Instructions for the task: For the records below, print the lines from the line with "Sonic Virtual Adventures SHC 2016 DEMO" through the line with "filling a bestway pool" exactly as written; include both end lines and exclude the rest.

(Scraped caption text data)
*** Block opens ***
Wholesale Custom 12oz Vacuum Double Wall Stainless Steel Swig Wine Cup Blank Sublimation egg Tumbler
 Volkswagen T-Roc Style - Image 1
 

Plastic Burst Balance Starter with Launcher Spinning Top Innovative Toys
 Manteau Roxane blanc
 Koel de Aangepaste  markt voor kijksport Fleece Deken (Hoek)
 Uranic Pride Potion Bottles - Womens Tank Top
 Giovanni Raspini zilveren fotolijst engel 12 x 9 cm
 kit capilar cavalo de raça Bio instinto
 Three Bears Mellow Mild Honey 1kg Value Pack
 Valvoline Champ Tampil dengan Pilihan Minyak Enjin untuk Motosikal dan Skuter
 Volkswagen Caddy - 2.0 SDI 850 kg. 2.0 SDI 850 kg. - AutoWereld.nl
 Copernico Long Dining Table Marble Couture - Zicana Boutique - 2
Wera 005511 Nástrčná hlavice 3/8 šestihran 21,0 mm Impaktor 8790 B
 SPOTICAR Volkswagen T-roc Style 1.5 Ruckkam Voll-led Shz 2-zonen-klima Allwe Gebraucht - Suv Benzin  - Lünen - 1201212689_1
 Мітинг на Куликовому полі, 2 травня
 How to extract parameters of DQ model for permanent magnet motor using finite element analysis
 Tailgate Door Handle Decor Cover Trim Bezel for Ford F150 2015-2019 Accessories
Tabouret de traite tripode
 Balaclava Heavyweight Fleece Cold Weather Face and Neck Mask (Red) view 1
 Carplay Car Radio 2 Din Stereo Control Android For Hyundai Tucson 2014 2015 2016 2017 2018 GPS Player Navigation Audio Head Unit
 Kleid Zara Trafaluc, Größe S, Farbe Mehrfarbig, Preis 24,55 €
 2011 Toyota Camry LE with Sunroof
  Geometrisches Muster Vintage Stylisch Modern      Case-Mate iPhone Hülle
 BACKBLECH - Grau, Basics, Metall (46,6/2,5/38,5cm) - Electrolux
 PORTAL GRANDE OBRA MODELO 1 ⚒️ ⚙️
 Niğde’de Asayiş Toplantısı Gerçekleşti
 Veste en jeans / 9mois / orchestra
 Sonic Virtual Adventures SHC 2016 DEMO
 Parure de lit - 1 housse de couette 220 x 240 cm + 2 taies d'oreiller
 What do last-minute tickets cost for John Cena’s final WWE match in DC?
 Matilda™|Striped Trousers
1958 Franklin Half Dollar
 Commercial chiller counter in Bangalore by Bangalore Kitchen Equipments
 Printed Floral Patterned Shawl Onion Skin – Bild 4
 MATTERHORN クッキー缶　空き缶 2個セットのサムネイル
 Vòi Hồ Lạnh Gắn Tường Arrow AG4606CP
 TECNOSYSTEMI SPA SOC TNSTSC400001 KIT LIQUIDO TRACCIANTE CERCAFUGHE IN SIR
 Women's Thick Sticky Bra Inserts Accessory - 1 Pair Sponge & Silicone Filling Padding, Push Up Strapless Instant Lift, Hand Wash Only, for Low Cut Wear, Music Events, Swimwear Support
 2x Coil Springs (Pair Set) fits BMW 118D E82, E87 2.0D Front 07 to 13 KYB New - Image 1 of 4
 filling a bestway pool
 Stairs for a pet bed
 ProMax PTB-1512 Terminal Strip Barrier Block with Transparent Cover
*** Block closes ***
Answer to this task:
 Sonic Virtual Adventures SHC 2016 DEMO
 Parure de lit - 1 housse de couette 220 x 240 cm + 2 taies d'oreiller
 What do last-minute tickets cost for John Cena’s final WWE match in DC?
 Matilda™|Striped Trousers
1958 Franklin Half Dollar
 Commercial chiller counter in Bangalore by Bangalore Kitchen Equipments
 Printed Floral Patterned Shawl Onion Skin – Bild 4
 MATTERHORN クッキー缶　空き缶 2個セットのサムネイル
 Vòi Hồ Lạnh Gắn Tường Arrow AG4606CP
 TECNOSYSTEMI SPA SOC TNSTSC400001 KIT LIQUIDO TRACCIANTE CERCAFUGHE IN SIR
 Women's Thick Sticky Bra Inserts Accessory - 1 Pair Sponge & Silicone Filling Padding, Push Up Strapless Instant Lift, Hand Wash Only, for Low Cut Wear, Music Events, Swimwear Support
 2x Coil Springs (Pair Set) fits BMW 118D E82, E87 2.0D Front 07 to 13 KYB New - Image 1 of 4
 filling a bestway pool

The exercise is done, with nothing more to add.